• _TASK REQUIREMENTS_: The line with "スパーク 1/43 エンサイン" through the last line of the entries: give these again exactly, and only these, without any pictures.

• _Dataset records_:
*** Begin section ***

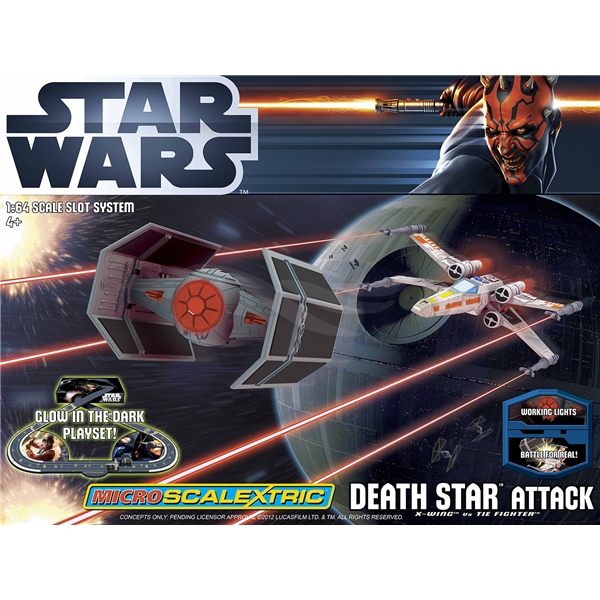 Scalextric 1:64 Star Wars Death Star Attack (Bild 1 av 2)
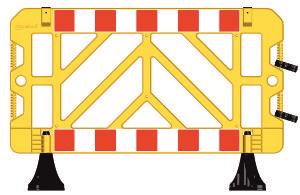 Güvenlik Barikatı 100x150x5 Cm 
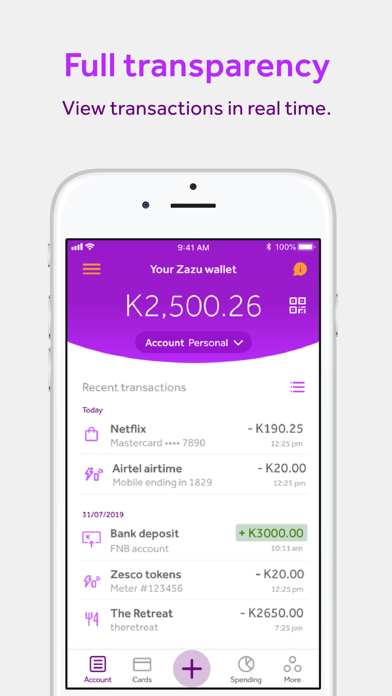 Zazu Africa - Mobile Banking screenshot 2
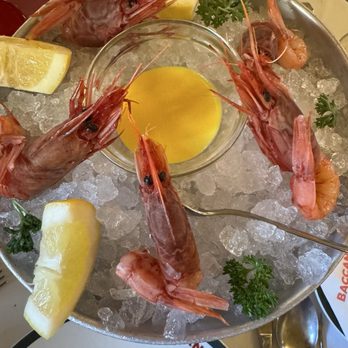 Baccano - Gamberi Rossi 0,2 Kg a 150,000  Red  prawns (raw) 30 Euro - Wine Bars Near Me - Rome, RM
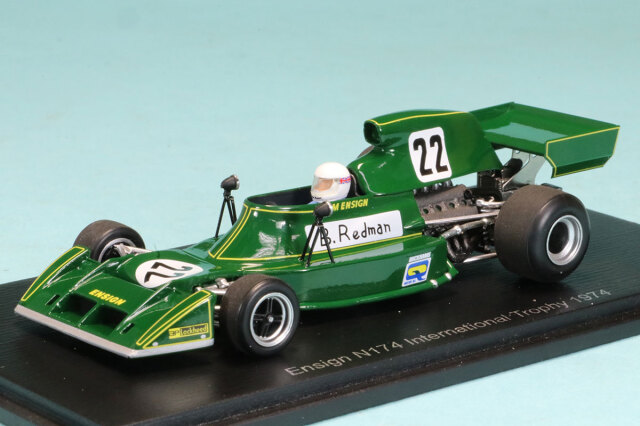 スパーク 1/43 エンサイン N174 インターナショナル トロフィー 1974 No.22 B.レッドマン　S3961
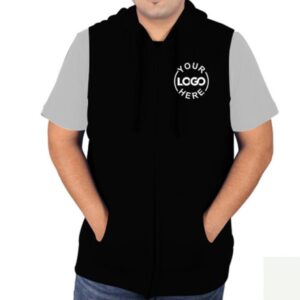 SLEEVELESS SWEAT JACKET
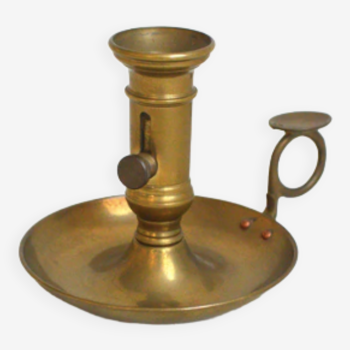 Brass cellar candle holder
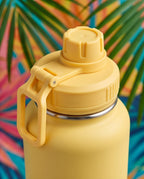 Garrafa Térmica Hiddra 1000ml - Amarelo Claro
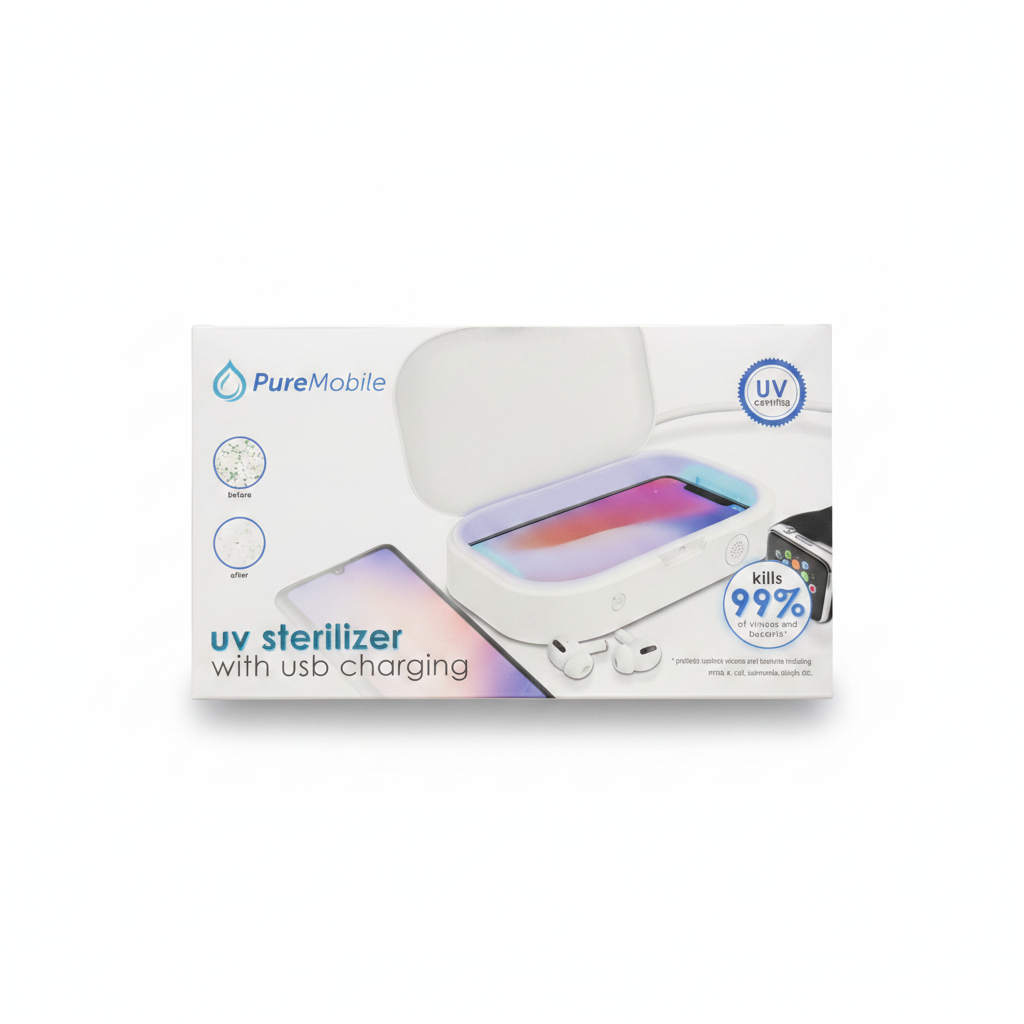 PureMobile UV Sterilizer with USB Charging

*** End section ***

• _EXERCISE OUTPUT_:
 スパーク 1/43 エンサイン N174 インターナショナル トロフィー 1974 No.22 B.レッドマン　S3961
 SLEEVELESS SWEAT JACKET
 Brass cellar candle holder
 Garrafa Térmica Hiddra 1000ml - Amarelo Claro
 PureMobile UV Sterilizer with USB Charging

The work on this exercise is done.